7. Warum schnitt Timo Glock so schwach ab?

Nach dem dritten Freien Training herrschte beim Marussia-Piloten noch Optimismus, der jedoch wenige Stunden später jäh zerstört wurde. Einmal mehr nahm das Team falsche Einstellungen am Wagen vor, was im Qualifying zu Übersteuern am Kurveneingang sowie blockierenden Reifen führte. Marussia hatte schon im Frühjahr mit hartnäckigen Problemen im Bereich der Hinterradaufhängung zu kämpfen, was Glock sichtlich frustrierte. "Es ist ein schleichendes Problem, so dass man leicht irregeleitet wird", erklärte er die Tücken.

Als ob die technischen Gebrechen nicht schon schlimm genug gewesen wären, zogen auch teamintern Gewitterwolken auf. Glock war von seinem Stallgefährten Charles Pic im Zeittraining wiederholt blockiert worden und landete schlussendlich sogar hinter dem französischen Rookie. "Vielleicht versteht er den englischen Funk nicht", meinte Glock verärgert, der jedoch keine Aussprache anstrebt, da es nicht der erste Vorfall dieser Art war.
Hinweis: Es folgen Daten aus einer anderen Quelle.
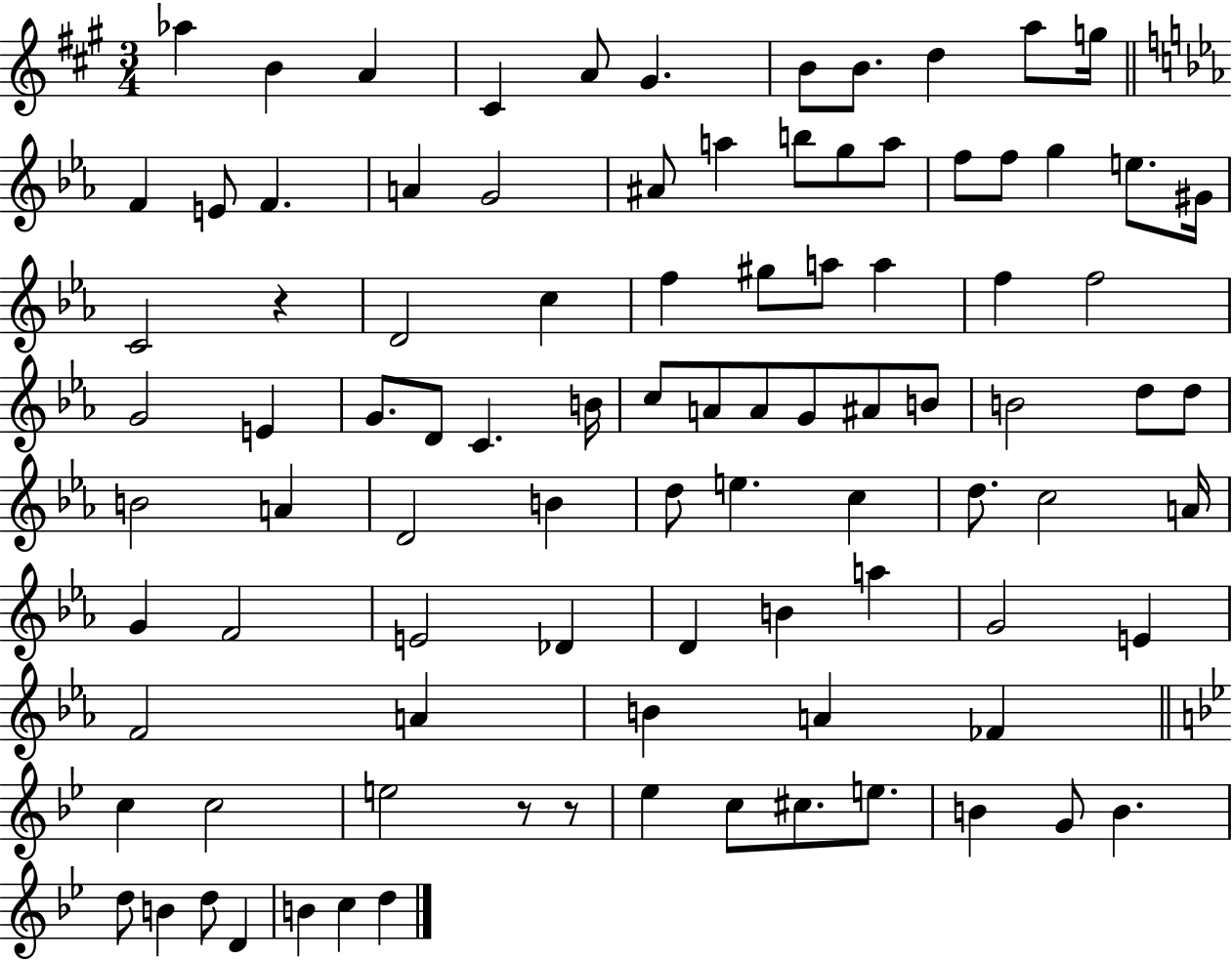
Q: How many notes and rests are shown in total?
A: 94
Im Rennen setzte sich die schwache Performance fort: Der 30-Jährige verlor seinen Boliden beim Anbremsen und drehte sich, womit er sogar hinter die HRT-Piloten zurückfiel. "Ich hatte keine Pace und keine Balance, von Beginn an", so Glock, der sich auf die nun folgende Unterbrechung freut. "Jetzt ist ein guter Zeitpunkt für eine lange Pause."